In the meanwhile the works for the new palace were being actively proceeded with; and by the time the Prince was born, the demolition of the old Cloister Green Court would appear to have been completed, and the foundations of the new building already laid. John Evelyn tells us that he went to Hampton Court on the 16th of July, 1689, on business, the Council being there, and that "a great apartment and spacious gardens with fountains was beginning in the Park at the head of the canal."

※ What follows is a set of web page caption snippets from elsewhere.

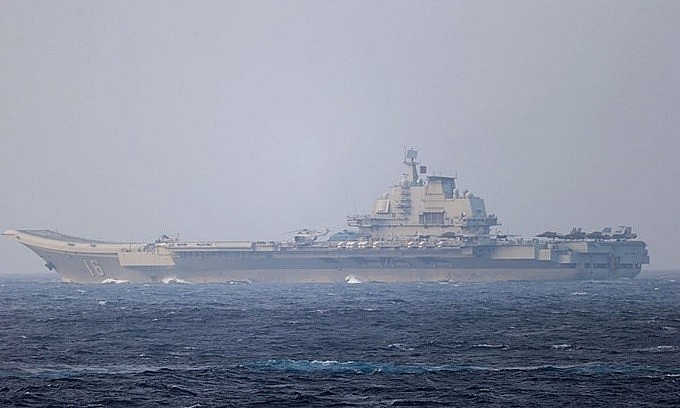 Chinese aircraft carrier Liaoning sails through the Miyako Strait near Okinawa on its way to the Pacific in this handout photo taken by Japan Self-Defense Forces and released by the Joint Staff Office of the Defense Ministry of Japan on April 4, 2021. Photo handout via Reuters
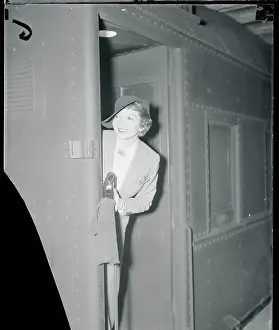 Claudette Colbert Peaking at the Camera From a Door
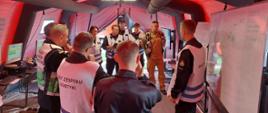 Widać kilku strażaków w namiocie, ustalają plan ćwiczeń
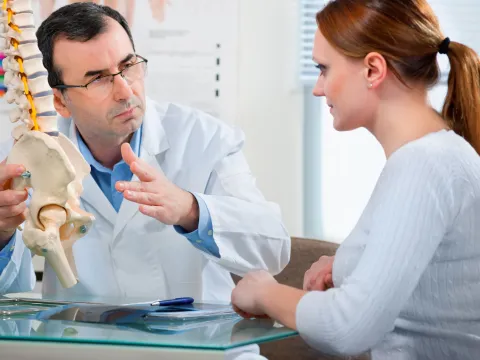 A woman discusses treatment options with her spine doctor.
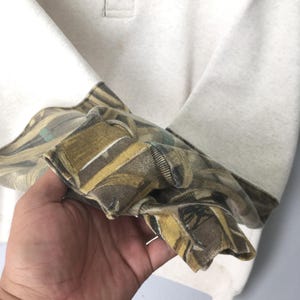 May include: A cream-colored long-sleeve shirt with a camouflage pattern on the cuffs. The cuffs feature a mix of brown, green, and tan hues. The shirt has a simple, classic design.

The canal, which, as already explained, was dug by order of Charles II., and which originally reached close up to the old East Front of the Tudor palace, had been laid out in

such a direction as to make its central line intersect that frontage at right angles, exactly through the middle of the gateway. Naturally, therefore, this was now the ruling limitation in the planning of the foundations of Wren's new State Apartments, the intention being-as is clearly shown by a delineation made by Sir Christopher for William III., and preserved among his papers in the Library at All Souls' College, Oxford—that the line of the Long Canal, and those of the diverging side avenues, should converge on the centre point of the new East Front, where, of course, the main entrance on that side would be. The length of the East Front is 300 feet, and the width of the east range 68 feet. As the shape of the new buildings was to be rectangular, according to the rules of pseudo-classic architecture, the direction of the South Front was at once determined. Its length is 315

feet, and the width of the range 78 feet. Thus we have two of the sides of the new quadrangle; which was completed, on the north by a range 42 feet wide, built parallel to the Chapel, and on the west by a low connecting gallery or screen, 109 feet in width, not extending in height above the first floor, and erected only a few feet distant from the old western side of Henry VIII.'s Cloister Green Court.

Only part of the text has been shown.